Records for this exercise ::
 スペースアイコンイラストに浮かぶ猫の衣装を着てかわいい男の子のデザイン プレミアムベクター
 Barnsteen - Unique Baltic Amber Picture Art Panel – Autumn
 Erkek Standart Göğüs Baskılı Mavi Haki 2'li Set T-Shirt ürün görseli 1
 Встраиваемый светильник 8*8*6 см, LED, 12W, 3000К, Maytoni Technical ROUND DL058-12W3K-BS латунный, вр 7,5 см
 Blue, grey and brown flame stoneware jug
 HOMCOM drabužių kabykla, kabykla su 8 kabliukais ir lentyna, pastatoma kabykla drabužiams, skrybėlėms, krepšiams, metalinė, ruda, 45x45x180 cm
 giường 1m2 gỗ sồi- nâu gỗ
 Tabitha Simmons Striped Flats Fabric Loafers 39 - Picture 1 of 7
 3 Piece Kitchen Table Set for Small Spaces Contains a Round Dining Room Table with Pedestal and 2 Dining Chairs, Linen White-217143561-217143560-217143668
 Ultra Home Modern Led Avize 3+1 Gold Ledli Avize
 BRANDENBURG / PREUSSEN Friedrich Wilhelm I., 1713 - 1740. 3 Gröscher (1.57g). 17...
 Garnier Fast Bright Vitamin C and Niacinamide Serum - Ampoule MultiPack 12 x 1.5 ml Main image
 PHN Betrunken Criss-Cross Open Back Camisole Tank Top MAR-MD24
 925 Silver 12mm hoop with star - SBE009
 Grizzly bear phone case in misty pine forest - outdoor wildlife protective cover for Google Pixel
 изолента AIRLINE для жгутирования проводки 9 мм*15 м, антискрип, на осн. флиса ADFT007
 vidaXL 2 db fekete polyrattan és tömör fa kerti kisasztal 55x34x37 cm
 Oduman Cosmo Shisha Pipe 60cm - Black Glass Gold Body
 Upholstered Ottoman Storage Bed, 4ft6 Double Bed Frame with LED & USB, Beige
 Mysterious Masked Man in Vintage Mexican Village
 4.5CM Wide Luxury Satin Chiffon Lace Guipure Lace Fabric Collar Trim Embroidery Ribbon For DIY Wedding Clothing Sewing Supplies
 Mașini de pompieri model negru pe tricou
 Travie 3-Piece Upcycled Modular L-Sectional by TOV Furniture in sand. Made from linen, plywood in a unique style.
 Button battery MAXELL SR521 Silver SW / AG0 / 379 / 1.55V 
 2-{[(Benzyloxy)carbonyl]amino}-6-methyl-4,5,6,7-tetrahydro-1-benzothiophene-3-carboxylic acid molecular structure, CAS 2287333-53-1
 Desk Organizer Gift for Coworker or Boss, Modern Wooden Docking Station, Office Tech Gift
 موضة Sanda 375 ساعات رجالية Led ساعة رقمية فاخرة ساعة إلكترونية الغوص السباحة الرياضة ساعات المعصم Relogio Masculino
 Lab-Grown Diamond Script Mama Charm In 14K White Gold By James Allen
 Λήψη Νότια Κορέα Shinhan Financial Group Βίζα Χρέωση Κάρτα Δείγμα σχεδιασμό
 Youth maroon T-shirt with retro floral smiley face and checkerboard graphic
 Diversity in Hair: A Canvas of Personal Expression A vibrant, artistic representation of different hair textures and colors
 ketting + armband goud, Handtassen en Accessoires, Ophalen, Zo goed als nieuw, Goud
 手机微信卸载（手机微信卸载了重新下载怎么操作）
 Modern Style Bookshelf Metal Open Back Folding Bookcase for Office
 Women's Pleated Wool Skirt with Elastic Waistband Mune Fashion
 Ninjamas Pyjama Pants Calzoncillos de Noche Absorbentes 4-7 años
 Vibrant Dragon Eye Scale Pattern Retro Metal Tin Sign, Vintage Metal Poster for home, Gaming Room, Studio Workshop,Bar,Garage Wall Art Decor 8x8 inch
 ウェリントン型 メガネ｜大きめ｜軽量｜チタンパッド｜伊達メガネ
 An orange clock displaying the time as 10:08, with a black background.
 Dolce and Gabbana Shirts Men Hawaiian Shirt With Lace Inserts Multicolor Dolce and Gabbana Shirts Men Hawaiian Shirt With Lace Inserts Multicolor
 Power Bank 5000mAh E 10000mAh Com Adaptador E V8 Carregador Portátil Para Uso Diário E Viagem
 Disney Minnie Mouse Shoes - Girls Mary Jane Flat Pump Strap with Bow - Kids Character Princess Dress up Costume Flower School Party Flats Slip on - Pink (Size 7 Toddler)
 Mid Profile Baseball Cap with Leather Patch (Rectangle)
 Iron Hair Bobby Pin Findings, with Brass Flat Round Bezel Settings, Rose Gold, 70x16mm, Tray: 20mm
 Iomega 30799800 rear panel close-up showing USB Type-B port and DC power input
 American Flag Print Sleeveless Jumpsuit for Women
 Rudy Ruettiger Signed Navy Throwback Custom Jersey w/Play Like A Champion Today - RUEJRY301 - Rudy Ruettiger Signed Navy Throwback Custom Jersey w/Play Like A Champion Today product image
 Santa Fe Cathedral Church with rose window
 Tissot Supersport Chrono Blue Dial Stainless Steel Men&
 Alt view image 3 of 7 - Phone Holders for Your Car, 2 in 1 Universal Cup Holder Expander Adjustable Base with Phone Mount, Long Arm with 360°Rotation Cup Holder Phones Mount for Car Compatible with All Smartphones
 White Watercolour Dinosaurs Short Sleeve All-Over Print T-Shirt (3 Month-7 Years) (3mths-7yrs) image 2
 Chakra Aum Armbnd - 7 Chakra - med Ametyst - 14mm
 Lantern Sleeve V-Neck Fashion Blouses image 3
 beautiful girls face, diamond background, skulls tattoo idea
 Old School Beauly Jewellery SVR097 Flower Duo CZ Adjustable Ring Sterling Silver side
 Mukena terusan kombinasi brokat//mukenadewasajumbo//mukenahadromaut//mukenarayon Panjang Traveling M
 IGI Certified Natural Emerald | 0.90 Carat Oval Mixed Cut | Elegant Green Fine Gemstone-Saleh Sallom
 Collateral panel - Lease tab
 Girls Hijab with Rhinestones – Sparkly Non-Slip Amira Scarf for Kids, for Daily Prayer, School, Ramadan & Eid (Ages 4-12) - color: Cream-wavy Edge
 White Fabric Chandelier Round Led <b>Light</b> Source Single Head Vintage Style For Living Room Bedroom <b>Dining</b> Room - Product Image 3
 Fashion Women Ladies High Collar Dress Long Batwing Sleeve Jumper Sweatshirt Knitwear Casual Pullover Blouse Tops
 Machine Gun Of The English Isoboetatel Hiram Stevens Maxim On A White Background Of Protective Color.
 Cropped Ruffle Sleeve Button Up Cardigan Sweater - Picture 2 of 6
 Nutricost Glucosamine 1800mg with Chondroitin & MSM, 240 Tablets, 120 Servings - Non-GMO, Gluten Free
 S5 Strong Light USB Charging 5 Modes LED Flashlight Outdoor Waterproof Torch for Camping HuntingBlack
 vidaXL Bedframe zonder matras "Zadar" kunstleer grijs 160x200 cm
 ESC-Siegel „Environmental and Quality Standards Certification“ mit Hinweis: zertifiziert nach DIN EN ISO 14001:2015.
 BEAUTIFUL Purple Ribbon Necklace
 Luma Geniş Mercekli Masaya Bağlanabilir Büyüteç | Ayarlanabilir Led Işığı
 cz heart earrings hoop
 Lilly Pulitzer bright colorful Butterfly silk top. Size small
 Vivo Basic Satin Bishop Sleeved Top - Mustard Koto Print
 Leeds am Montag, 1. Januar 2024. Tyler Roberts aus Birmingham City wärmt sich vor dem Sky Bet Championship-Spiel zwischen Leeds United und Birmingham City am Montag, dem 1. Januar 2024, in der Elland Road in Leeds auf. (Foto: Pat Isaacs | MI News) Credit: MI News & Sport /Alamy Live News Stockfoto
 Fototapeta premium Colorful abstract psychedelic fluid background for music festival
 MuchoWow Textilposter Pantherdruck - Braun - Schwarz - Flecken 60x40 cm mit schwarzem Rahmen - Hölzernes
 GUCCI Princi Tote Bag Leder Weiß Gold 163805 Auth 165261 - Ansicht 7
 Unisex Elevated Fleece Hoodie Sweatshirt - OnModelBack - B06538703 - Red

What is being asked :: Which lines run from the first of the listing to the line containing "Blue, grey and brown flame stoneware jug"? Reproduce those exactly, both ends included.

Solution for this exercise ::
 スペースアイコンイラストに浮かぶ猫の衣装を着てかわいい男の子のデザイン プレミアムベクター
 Barnsteen - Unique Baltic Amber Picture Art Panel – Autumn
 Erkek Standart Göğüs Baskılı Mavi Haki 2'li Set T-Shirt ürün görseli 1
 Встраиваемый светильник 8*8*6 см, LED, 12W, 3000К, Maytoni Technical ROUND DL058-12W3K-BS латунный, вр 7,5 см
 Blue, grey and brown flame stoneware jug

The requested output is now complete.